──────── Entries provided ────────
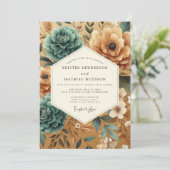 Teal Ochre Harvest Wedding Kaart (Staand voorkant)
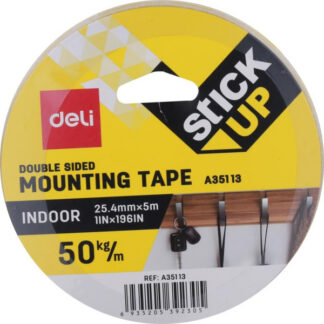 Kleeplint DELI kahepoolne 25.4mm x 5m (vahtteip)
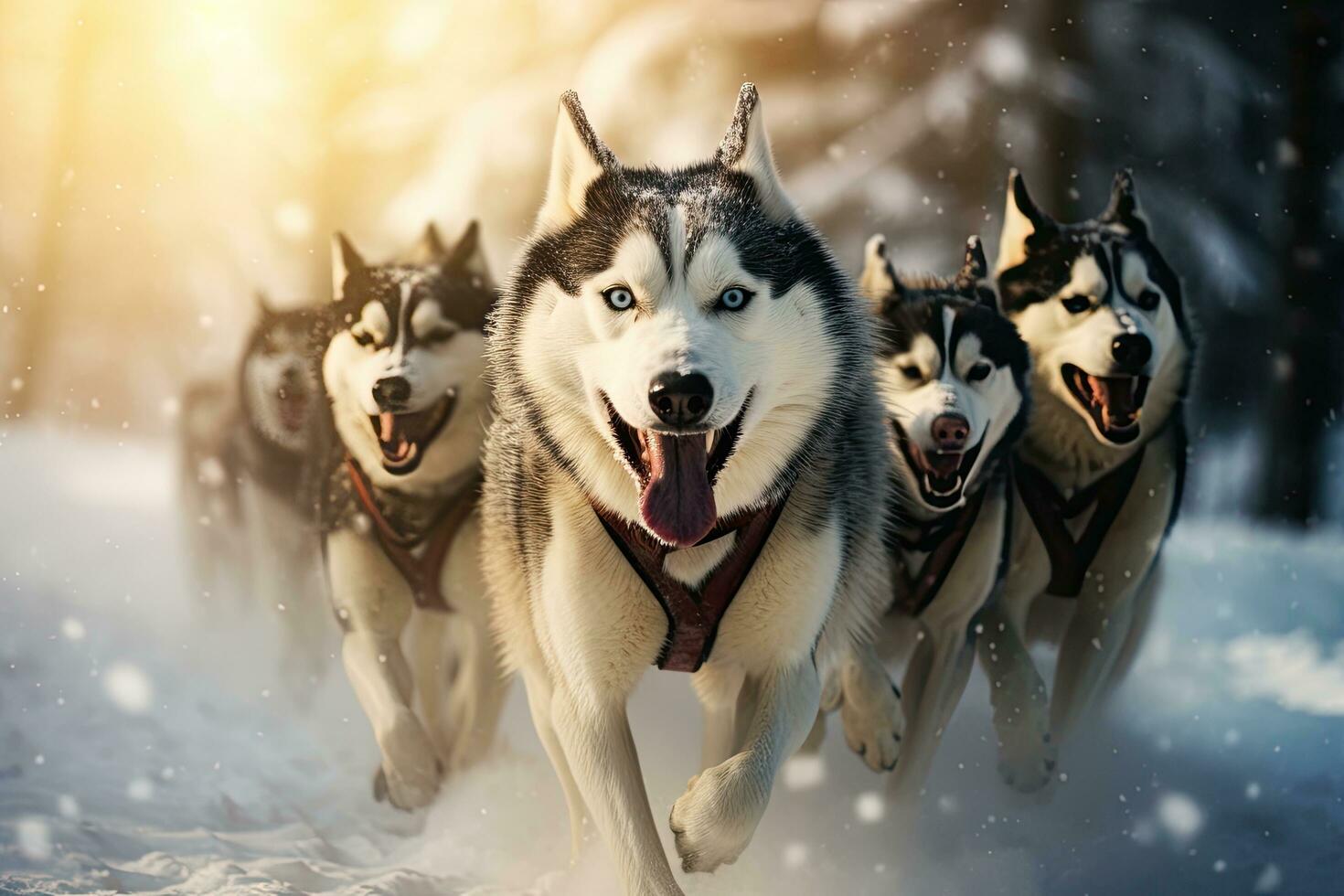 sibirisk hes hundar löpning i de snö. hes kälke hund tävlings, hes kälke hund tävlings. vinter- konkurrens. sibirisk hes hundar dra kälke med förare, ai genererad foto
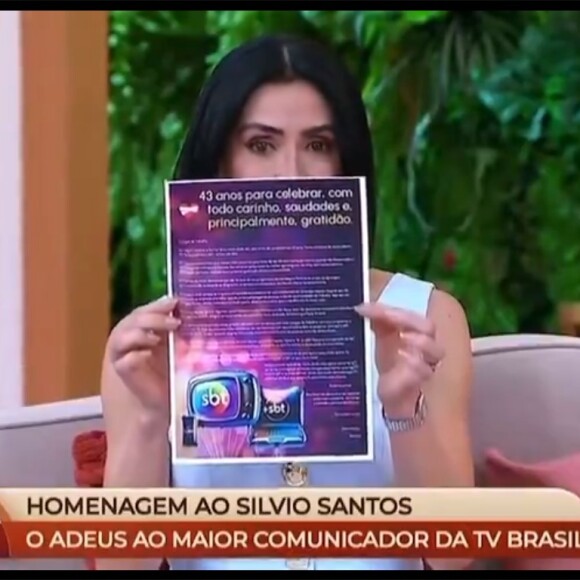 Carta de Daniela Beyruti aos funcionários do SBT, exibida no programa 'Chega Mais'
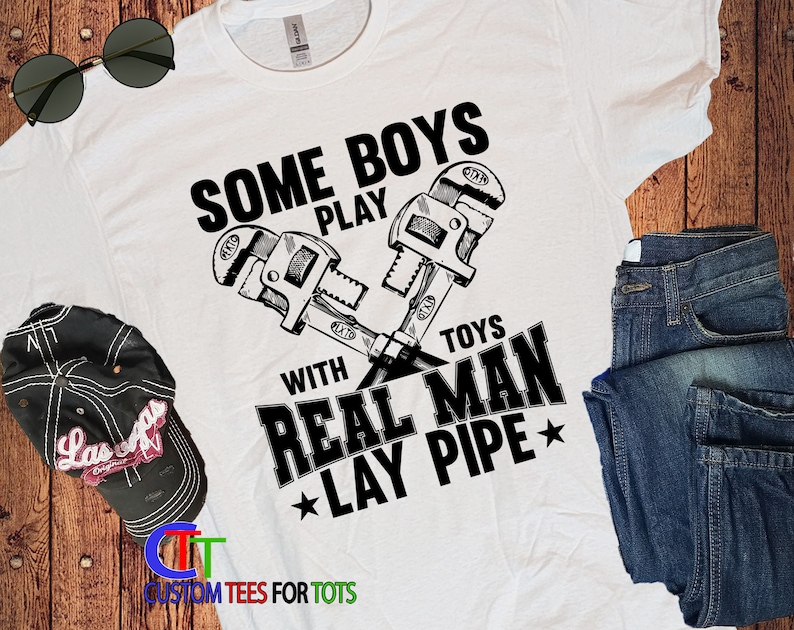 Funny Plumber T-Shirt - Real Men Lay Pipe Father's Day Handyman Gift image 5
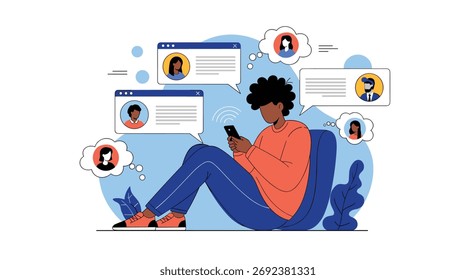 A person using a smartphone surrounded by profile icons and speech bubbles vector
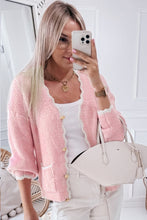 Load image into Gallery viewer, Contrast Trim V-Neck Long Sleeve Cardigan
────────
- _Assignment_
Exactly the lines from the one holding "A person using" to the last line of the records above should be duplicated, with no pictures among them.

- _Answer to the exercise_
 A person using a smartphone surrounded by profile icons and speech bubbles vector
 Load image into Gallery viewer, Contrast Trim V-Neck Long Sleeve Cardigan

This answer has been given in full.